4 Kerovan

Imgry may have thought himself persuasive; the final decision was my own. I had listened to his summing up of what he believed the enemy wanted—and of what might be done in return by making contact with some authority within the Waste, to give a warning—and make an offer. The latter, to be sure, was an arrogant gesture on his part, for what had we to offer that could match those forces the Old Ones commanded? I did not have the ambition that drove Imgry. On the other hand, if by some fluke of fortune, I might succeed, I would have achieved something that the Dalesman must admit only a despised half- blood would dare to attempt.

He offered me a command, but I refused it. He did not like that. I think he wanted no ambassador to have too much freedom.

“One man,” he had said, “to go alone is too high a risk.”

“One man, Lord Imgry? Look at me. Ask any in this hall if I am in their eyes a man. You have made me your envoy because of my heritage. Then let me go as if I am truly of the blood you deem me. I shall ride openly and wait to see what fortune will send. What I can do, I shall. I promise nothing.”

Reluctant as he was, he knew I spoke the truth. Nor was he niggardly with equipment. I was offered, and accepted, mail, sword, and helm, new-fashioned of the salvaged metal from the Waste. All men knew that this was the best, an alloy we had no equal for in the making of fine armament.

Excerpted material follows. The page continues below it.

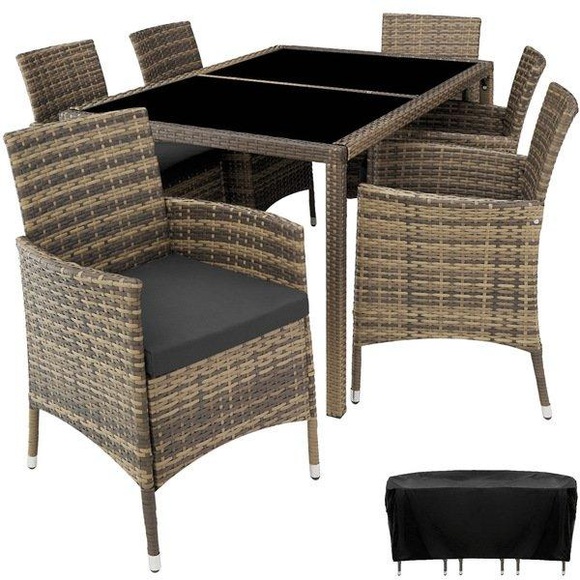 Rattan Sitzgruppe 6+1 mit Schutzhülle Rattan Sitzgruppe 6+1 mit Schutzhülle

I chose horses, three of them, from the lines. The mounts from the eastern Dales (there were all too few of those left now) were of little use in the west. Nor did I want hill-bred stock, for, hardy and tough as those were, the Waste was partly desert. A mount used to the plentiful waters of mountain springs could not stand the heat and lack of forage and drink.

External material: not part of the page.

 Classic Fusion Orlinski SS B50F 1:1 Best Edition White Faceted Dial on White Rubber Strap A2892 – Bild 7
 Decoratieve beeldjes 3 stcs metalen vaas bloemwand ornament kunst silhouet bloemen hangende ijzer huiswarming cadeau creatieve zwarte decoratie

What I took were such beasts as were used by the Waste scavengers. Luckily, in that sweep Imgry had ordered to gather all available mounts, these had appeared. Slightly larger than mountain-bred pontes, they were gaunt, with long necks out of proportion to their bodies. Their eyes were unusually large and heavily lidded, well lashed to screen out glare of sun and wind-borne grit. Their hooves were broader than normal, meant for the traversing of shifting sand. They had a reputation for being vicious, and it was always necessary to hobble or tether them at night.

Two I would ride turn and turn about, and the third would serve as a pack animal. It took me four days of careful preparation, of selecting supplies. And I did not dream again on those nights between.

I refused the map Imgry had played with during our interview. Such sites as were marked on it had come by word of mouth from scavengers, who were not to be trusted, being always jealous of their sources of supply.

When Riwal and I had traveled the Road of Exile, that had been well to the north. The road that had led me to the place where Rogear and my mother had wrought their black incantations was also in that direction—barren and desolate. If there was any life now to be found in the Waste I felt I would discover it elsewhere—though the Old Ones could not be judged by our standards. Still they must need water, sustenance of some kind, shelters more than a jumble of ruins.

Thus I decided to strike straight west, following for the first part of my journey the faint trail left by the scavengers bringing in metal for Imgry’s forges.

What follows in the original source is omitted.